Crumbling Infrastructure At the Edges

When we hear or read about bridges that are failing or crumbling infrastructure most of us might wonder how this really effects us. Especially after we drive over a bridge or section of road that we hear is bad but experience no problems whenever we cross it. Recently I had a conversation with a local along these lines while we were discussing yet another spilled load of round bales we had to pass by out on the highway.

There are a number of overpasses in the area that are crumbling but most locals don't even know it. Why?
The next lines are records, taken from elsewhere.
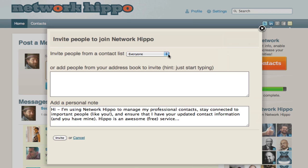From here you can invite everyone from your network, or people from different groups. You can also enter people's names individually, and put a personalized message.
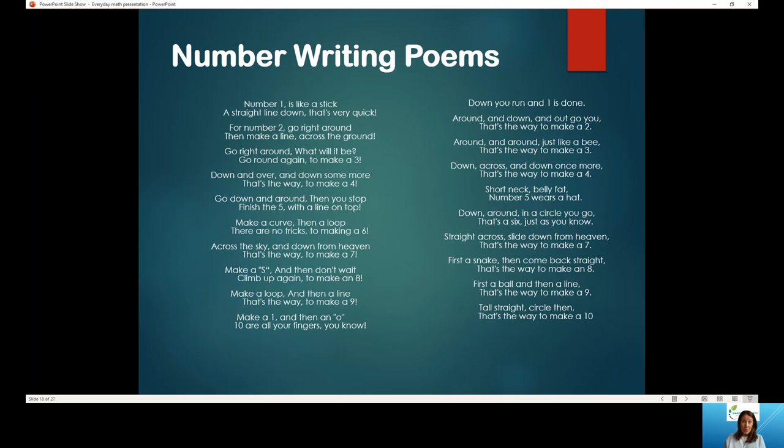These are some number writing poems — two different examples. If you Google number writing poems, you'll come up with lots of different examples. We encourage you to say the poem as you're writing the number to reinforce that skill. For number 2: 'Go right around and make a line across the ground.' For number 3: 'Go around again to make a 3.' You say the poem as you write the number, and it helps activate different parts of the brain to remember and reinforce how to write and identify the number.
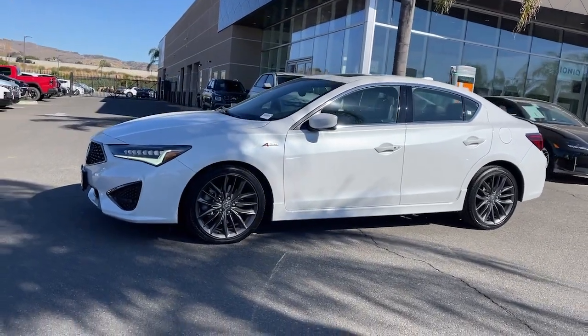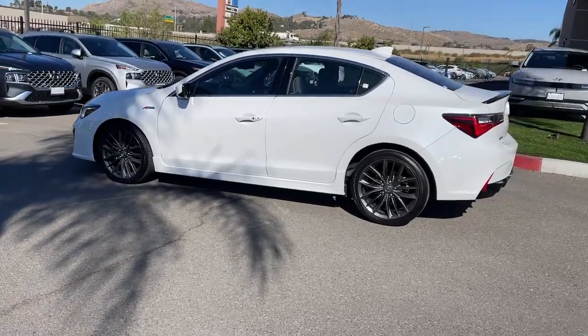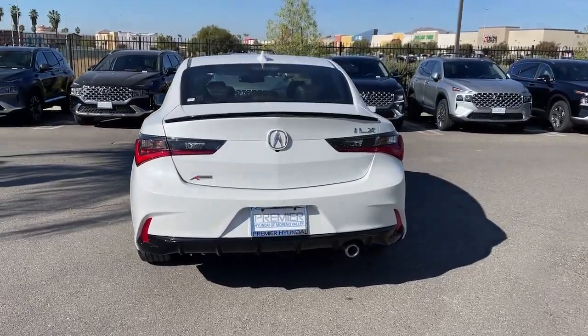Enjoy the view of this 2019 Acura ILX with less than 35,000 miles on the drive. Big and bold, the ILX is Acura's compact sports sedan.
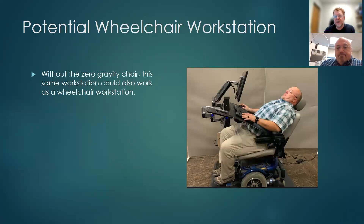Another potential use we haven't done yet is for someone who needs to work from a wheelchair. If they have to be reclined, this workstation could be used as a wheelchair station as well.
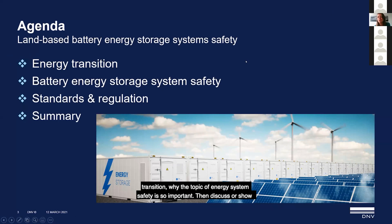Then I'll show you an example of thermal runaway that we've been discussing already. I have a short video on that, and then we can also see why this is a different kind of fire from what the fire brigade is used to.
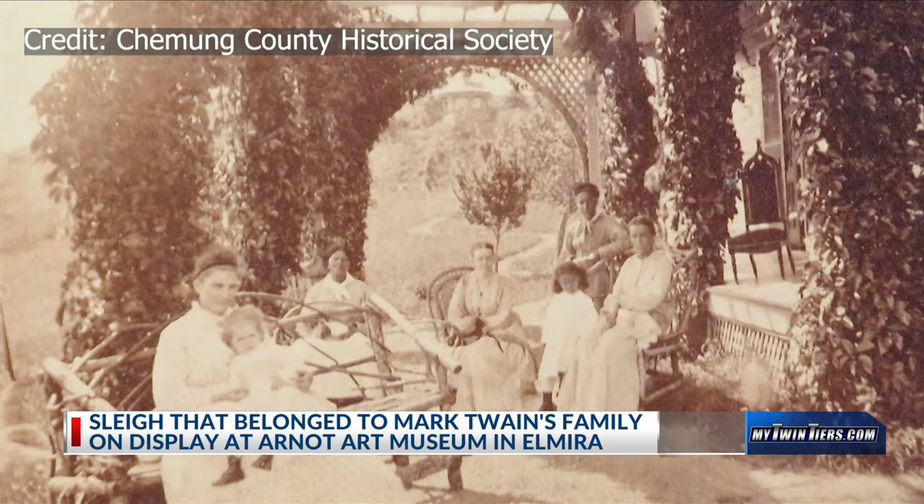Twain's niece, Ida Langdon, left the oak hand-carved sleigh to the museum in 1964. We don't know that he purchased it, but it was a family piece and it is from the Netherlands.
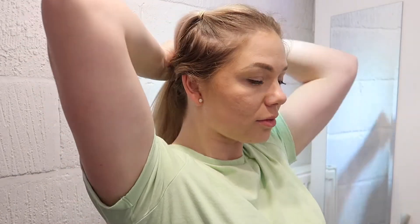Hi everyone, welcome back to my channel. My name is Olga if you are new here. Today I wanted to share with you my evening skincare routine. I'm filming this in my downstairs bathroom and the lighting here is not the best, so excuse that.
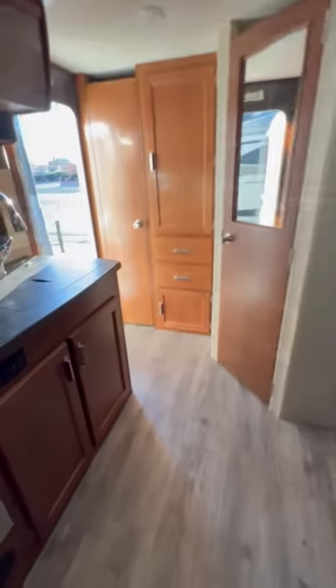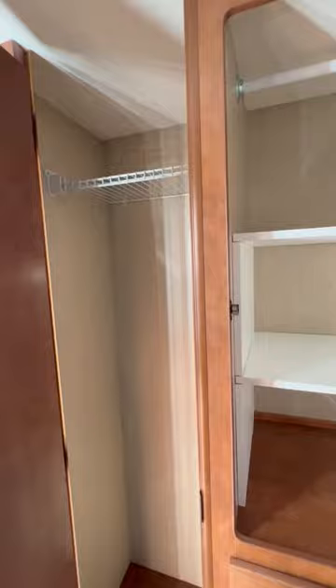It's got thermostatically controlled air conditioning and heat. Closet space is ample in here.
Because the lack of repairs isn't something that would effect a passenger car, SUV or even a pickup truck but get something with a load on it and the general bad state of the road is immediately apparent.

Not too long ago I was transporting a piece of equipment back to the Small-Hold on our car hauler trailer only to notice right after I crossed a bridge that had some rather bad washboarding on the pavement that ran to the bridge deck that I had in fact broken two tie down straps when the trailer started bouncing. I was even driving well under the speed limit. Luckily I could see the trailer and the load clearly from the rearview mirror and had extra tie downs but for heavier or larger loads the driver may not immediately notice when such things happen.

This is where the general public really pays the price for the over spending, over hiring and over promising of the various governments as they in fact rob our infrastructure to meet their social engineering commitments and it is ultimately what will cause the final slide into a real collapse situation. Each spill, broken strap, traffic jam etc. is lost revenue that will continue to add up until the entire system clogs up.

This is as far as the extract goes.